Re: Piggy Bank blocks find as you type (+ comments)

From: Stefano Mazzocchi <stefanom_at_mit.edu>
Date: Sat, 23 Jul 2005 21:26:07 -0400

Michael McDougall wrote:
>
>
> David Huynh wrote:
>
>>
>> - Saving data automatically into "My Piggy Bank" can be
>> undesirable--you might want to select which items to save; and you
>> might also want to tag them as you save them. And we don't want rogue
>> sites to pollute "My Piggy Bank" just because the user accidentally
>> visits them.
>
>
>
> You may have been through all these ideas before, but I've been thinking
> about this a bit. You could try an "opt-out" approach where all sites
> are initially trusted but the user can mark a site as 'bad', which will
> remove that site's data from Piggy Bank (and subsequent visits to the
> site won't scrape new data). Or you could have 2 data banks: one with
> data from all sites (perhaps with the opt-out option) and one with data
> from sites that were explicitly marked as trusted.
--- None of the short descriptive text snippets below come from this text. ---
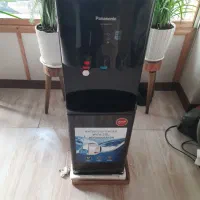 آبسرد کن  پاناسونیک یخچال دار هم سرد و هم گرم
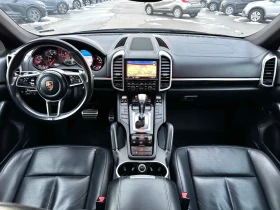 Porsche Cayenne S-4.2D-V8-MATRIX-ПАНОРАМА-ПОДГРЕВ-DISTRONIC, снимка 9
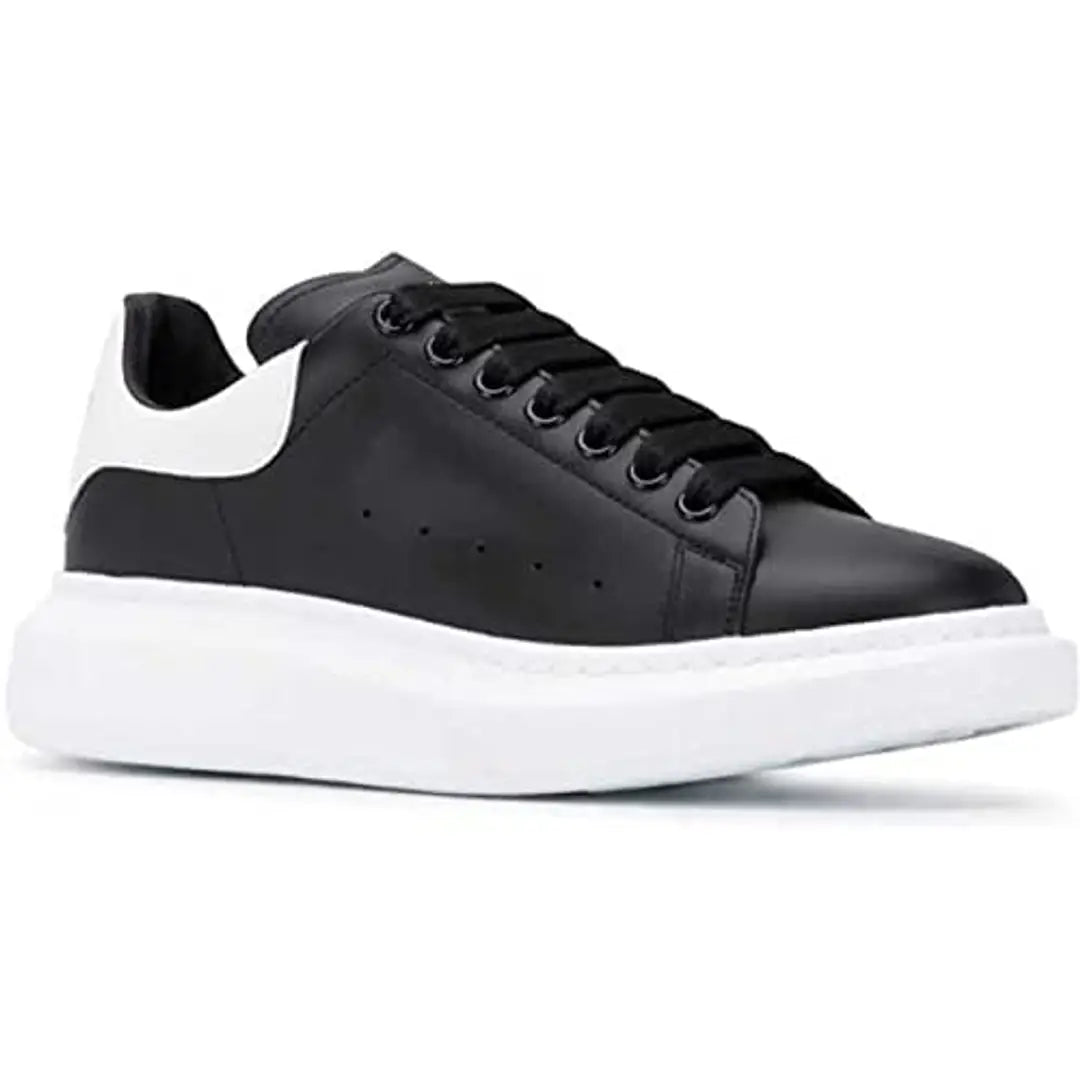 Labbin Men Casual Sneakers Shoes Black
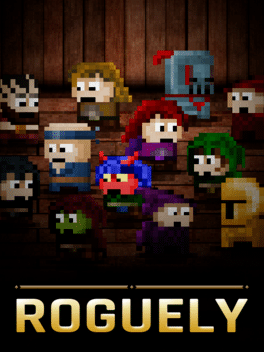 Affiche du film Roguely poster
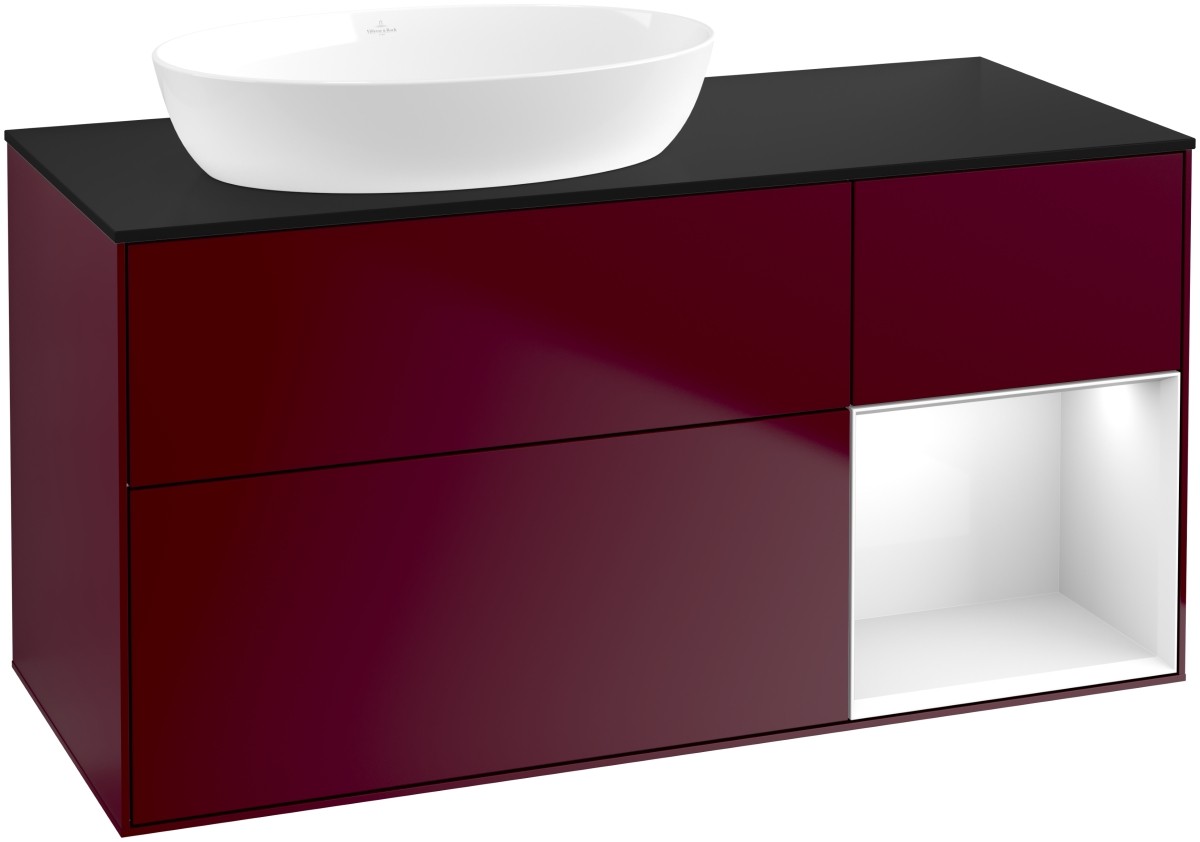 Villeroy & Boch Finion Waschtischunterschrank FA5, FA52GFHB FA52GFHB
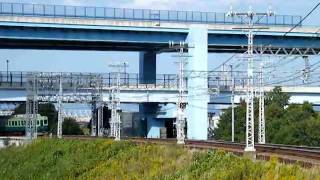 preview picture of video 'Series 1000, Keihan Railway / 京阪1000系'
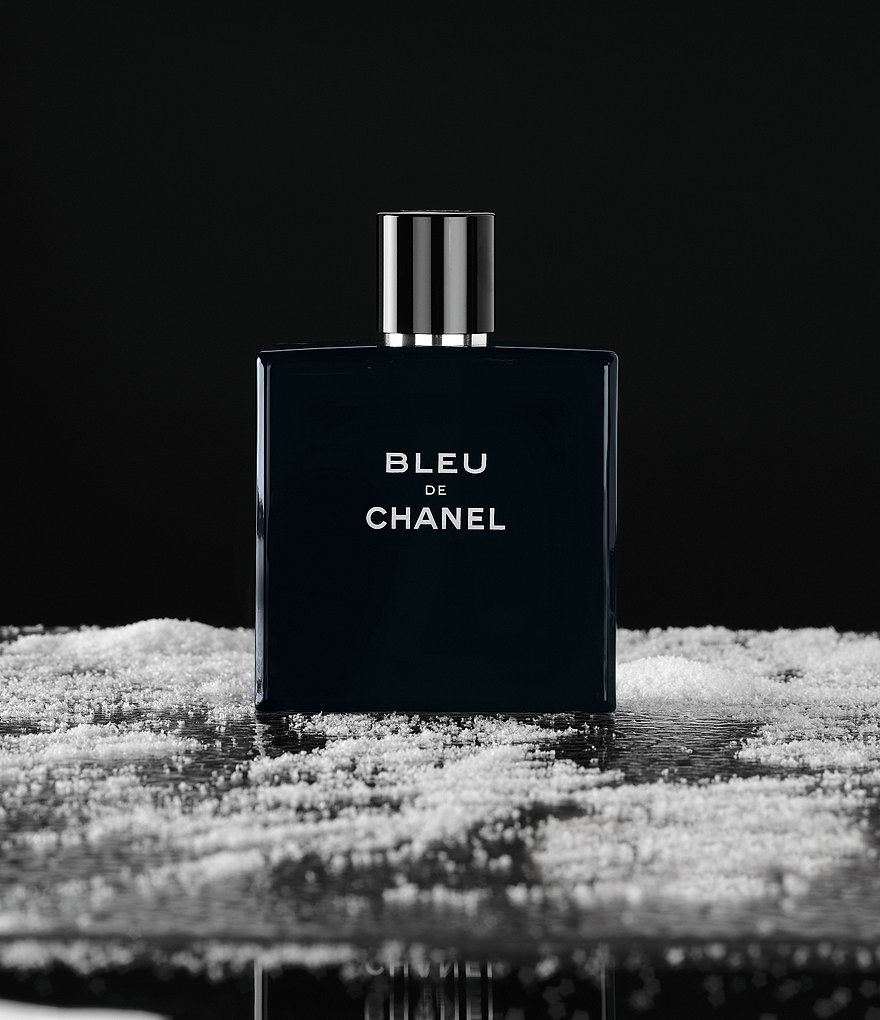 CHANEL BLEU DE CHANEL EAU DE TOILETTE SPRAY
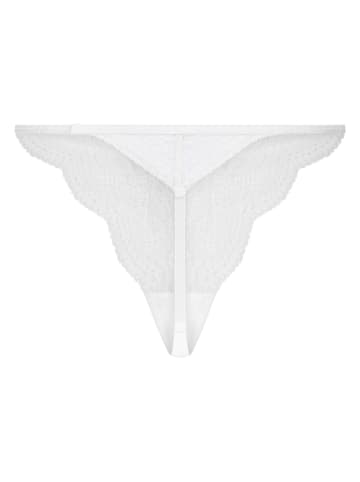 Hunkemöller String in Weiß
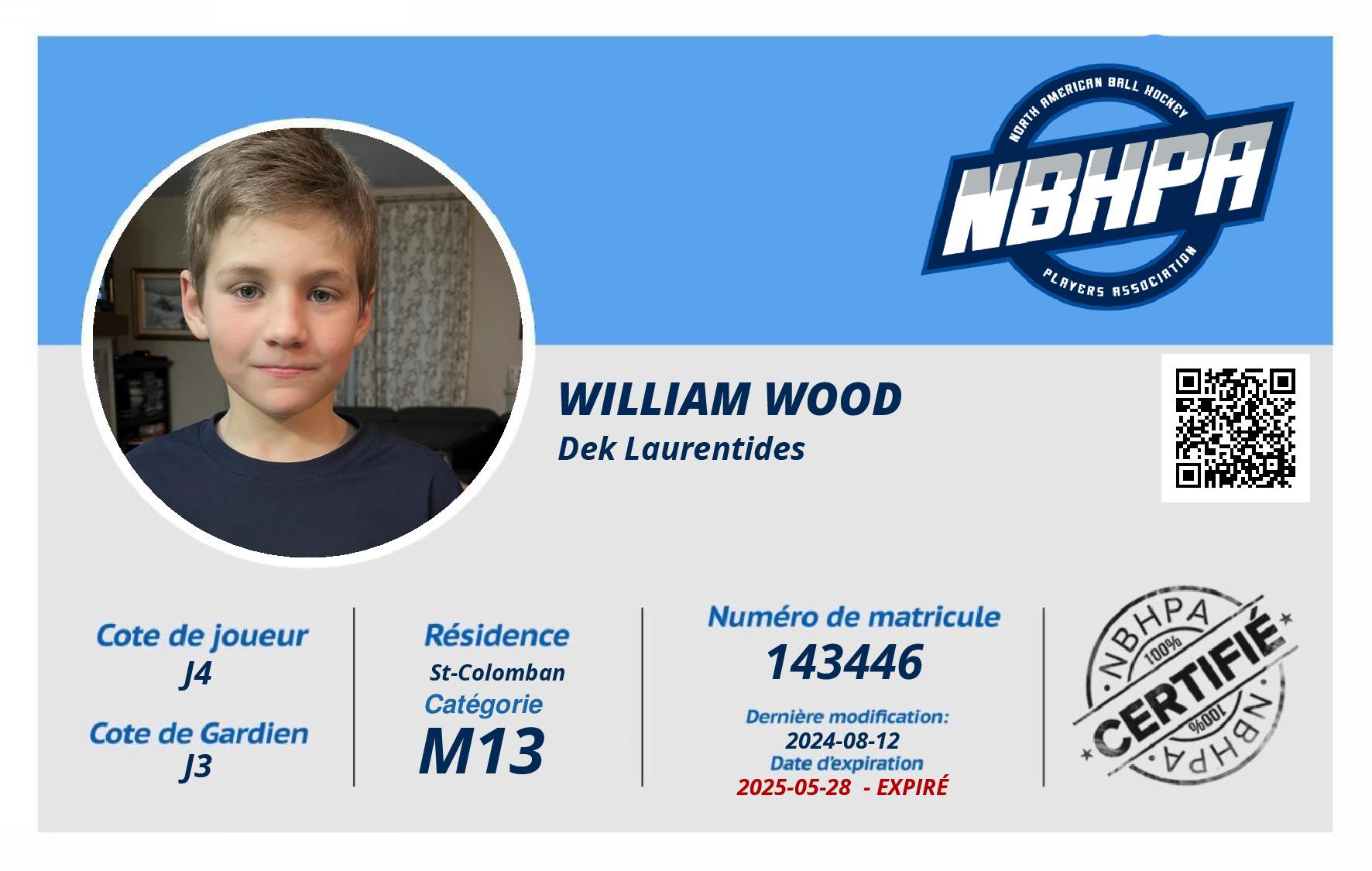 William Wood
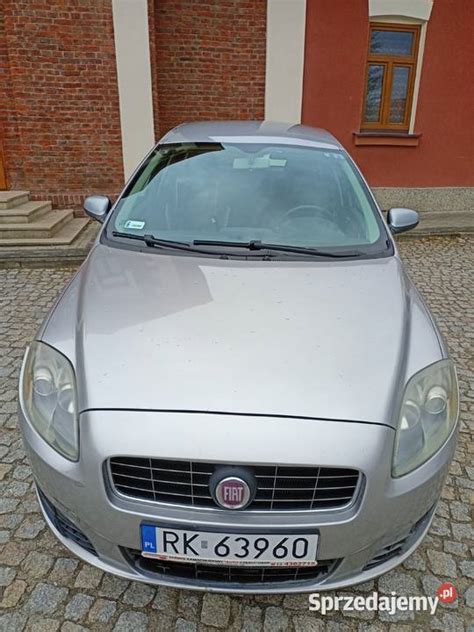 Fiat Croma Jtd Km R Automat D Ugie Op Aty Krosno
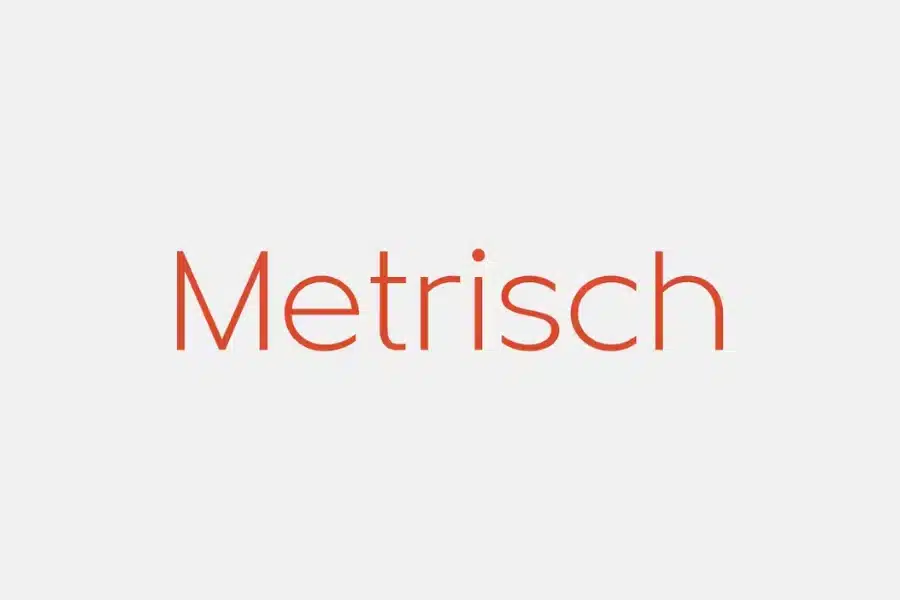 Metrisch Font Similar to Lato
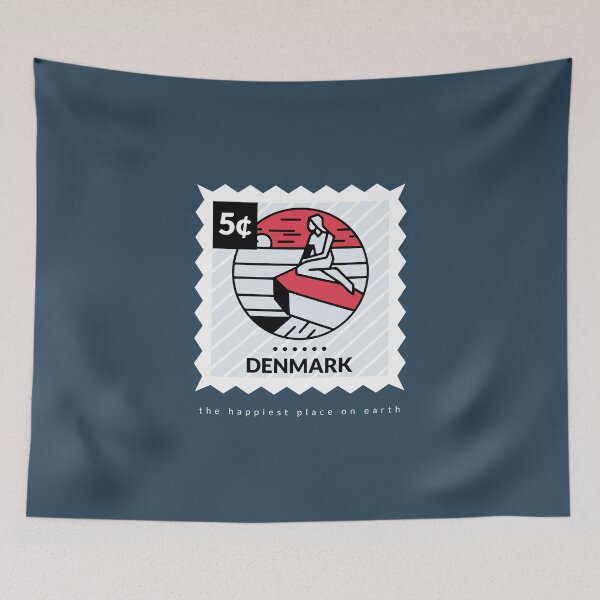 Item preview, DENMARK designed and sold by AladdinMktgs.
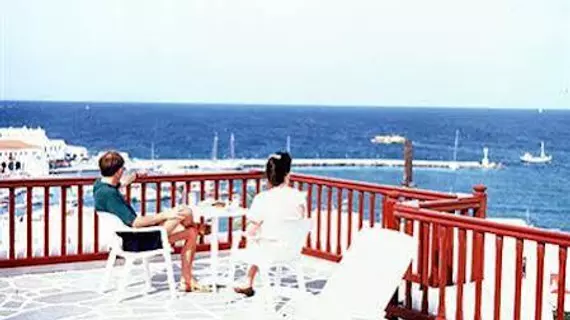 Petasos Town Hotel | Ege Adaları - Mikonos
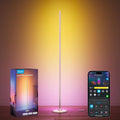 Govee RGBIC Floor Lamp Basic, 1000lm LED Corner Lamp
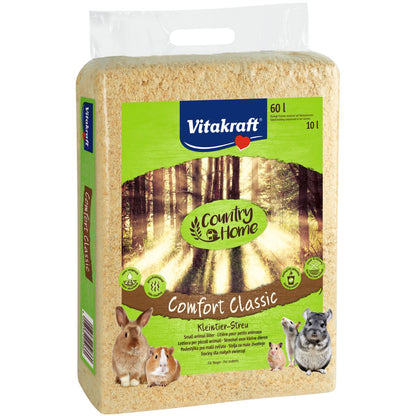 Vitakraft Copeaux de sciure naturels pour rongeurs 60 L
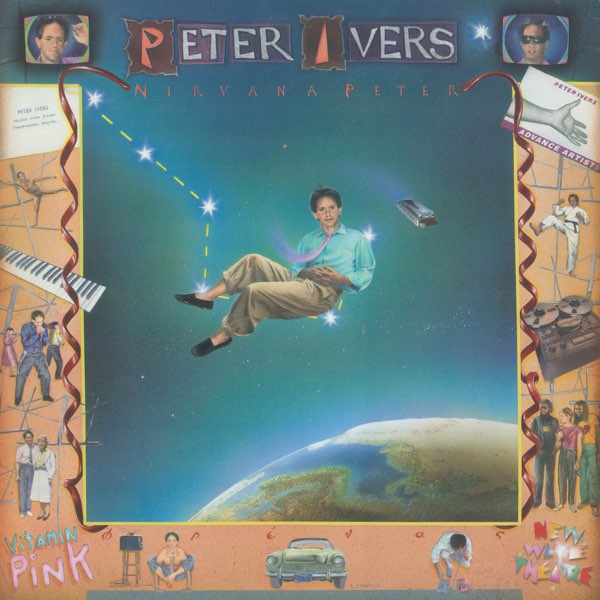 Nirvana Peter - ピーター・アイヴァースのアルバム - Apple Music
That way I can browse
> my trusted data, and when something's not there I can (hold my nose and)
> browse a giant pile of data from all the sites I visit.

Collecting rdf automatically (no metter where they end up) is still a
very intensive process, are you sure you want that to happen for *every*
page that contains RDF? pretty soon a lot of pages will, in one way or
another. The data might just be overloading both you and your browsing
experience.

> It might also be worth treating data from scrapers differently than data
> from plain RDF. If I install the ACM Portal scraper I think it's safe to
> assume that I trust everything on the ACM Portal site.

This is a good point, thru scrapers we have some filtering power.

> Have you actually been encountering many 'rogue sites' that pollute
> Piggy Bank?

No, not yet.

> I'm doing some research on semantic web security so I'd like
> to learn more about real world issues like this.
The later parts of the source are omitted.